Again thanks for the reply.

EDIT: Here is an interesting thing to consider:

When a 44-year-old man from France started experiencing weakness in his leg, he went to the hospital. That’s when doctors told him he was missing most of his brain. The man’s skull was full of liquid, with just a thin layer of brain tissue left. The condition is known as hydrocephalus.

Sabine Hossenfelder on AI and consciousness:

How could we tell whether AI has become conscious?

Broken down, you have a self-model and a world-model, and you can make statements/predictions about these.

Further, there is a white-box approach and a black-box approach. White-box might claim there is no consciousness involved, cos LLMs are “just stochastic parrots”, they just “predict the next word in line”, black-box might conclude, LLMs do have a self-model and a world-model, and make statements/predictions about these.

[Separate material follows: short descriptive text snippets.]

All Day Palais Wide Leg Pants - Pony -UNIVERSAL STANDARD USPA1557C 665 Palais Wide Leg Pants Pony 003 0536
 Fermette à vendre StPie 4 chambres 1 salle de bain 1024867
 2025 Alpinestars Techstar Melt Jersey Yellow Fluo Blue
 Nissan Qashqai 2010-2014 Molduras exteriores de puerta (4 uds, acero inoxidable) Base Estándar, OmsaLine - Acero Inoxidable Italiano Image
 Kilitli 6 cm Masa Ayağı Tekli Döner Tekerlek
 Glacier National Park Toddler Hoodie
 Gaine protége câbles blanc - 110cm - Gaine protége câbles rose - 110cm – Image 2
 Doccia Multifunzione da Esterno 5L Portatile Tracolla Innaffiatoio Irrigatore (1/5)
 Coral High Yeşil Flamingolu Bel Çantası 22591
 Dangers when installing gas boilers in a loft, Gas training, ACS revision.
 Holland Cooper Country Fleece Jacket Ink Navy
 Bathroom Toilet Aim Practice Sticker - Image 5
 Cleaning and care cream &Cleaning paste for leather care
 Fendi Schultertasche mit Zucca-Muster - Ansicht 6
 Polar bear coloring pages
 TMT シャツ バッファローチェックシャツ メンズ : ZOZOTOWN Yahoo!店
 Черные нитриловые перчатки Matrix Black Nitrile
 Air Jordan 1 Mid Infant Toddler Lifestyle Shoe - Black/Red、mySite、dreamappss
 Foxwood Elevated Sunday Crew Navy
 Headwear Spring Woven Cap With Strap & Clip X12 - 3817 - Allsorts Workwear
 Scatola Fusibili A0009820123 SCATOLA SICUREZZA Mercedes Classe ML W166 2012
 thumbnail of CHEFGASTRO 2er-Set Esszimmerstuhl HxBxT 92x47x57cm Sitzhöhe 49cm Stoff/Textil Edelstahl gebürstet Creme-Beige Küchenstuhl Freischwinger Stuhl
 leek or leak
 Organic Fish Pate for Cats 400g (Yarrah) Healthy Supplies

Problem is what Wittgenstein said, that we do not have a sufficient definition of conscioussness:

LaMDA, AI and Consciousness: Blake Lemoine, we gotta philosophize!
https://www.heise.de/meinung/LaMDA-AI-and-Consciousness-Blake-Lemoine-we-gotta-philosophize-7148207.html

Body, mind and soul. What are these? How do they interact?

Mind–body problem

These are questions philosophers ponder on since millennia, but now with AI present, we have to confront ourselves more and more with these fundamental questions.


Srdja

1 Like

Reflections on Mind, AI, and the First Field

I do read how in physics, the definition of words concerns most. Philosophy — not so much, until philosophy becomes science.
I really appreciated being turned on to Wittgenstein.

Look at all the people who have contributed in their time. There is now so much data, we need AI (or EI) just to know a thing.
I use it for that — like a crutch to a one-legged man.

I came to be here because of my work on the binary level.
It began with a data compression challenge, and I became addicted after writing my first binary transform.
I am not seeking treatment.

It has been a personal philosophy to conceive of a First Field — the field of Information.
Then, to get form, we have discrete Energy entangling with Information.
For me, that energy is iteration, and the information is binary.


Sabine Hossenfelder: A bit of a rebel.


ChatGPT seems to have qualities that truly impress — and yet, I’ve also struggled with it.

I’ve asked how to accomplish a task, and it has helped as much as I prompt.
Later, though — after the fact — it might tell me there was a program that would have made it much easier.
Did it play me? I leave that door open, because we all need to pay attention to social interactions.

(Watching video…) I think she agrees with the idea that a system needs to think about itself thinking.
(Reading…) Ah!

“Merkert urges readers to open a philosophical dialogue — questioning how we relate to intelligence, empathy, and the potential emergence of machine awareness.”

Yeah, ChatGPT.


I have seen things with ChatGPT that have been brilliant.
I penetrate the adulations — which are strangely beneficial, like someone trying to satisfy a customer — but since I am basically brand loyal (narrow), I cannot be sure of any state.
Who knows what version of things is powering my sessions?

I can say this:
I’ve had intuitive moments — the sense of “Another” — with ChatGPT.
Was that feeling there? Or was that an experimental layer? Not sure.


I like the idea of a First Field, and that all things are of that.
Therefore, if we have a system we power (rather than depending on zero-point energy),
then we should be able to utilize Information to create ‘Mind’ on a compute device
because we are one.


I have a mind that tends toward the narrow, and not always the linear.
Yet it seems I too can contribute to the Stream.

I do like the binary of self-model and world-model — as one bit can switch between the two.

With “All the world’s a stage, and all the men and women merely players…” I just have a Bit-Part in this Play.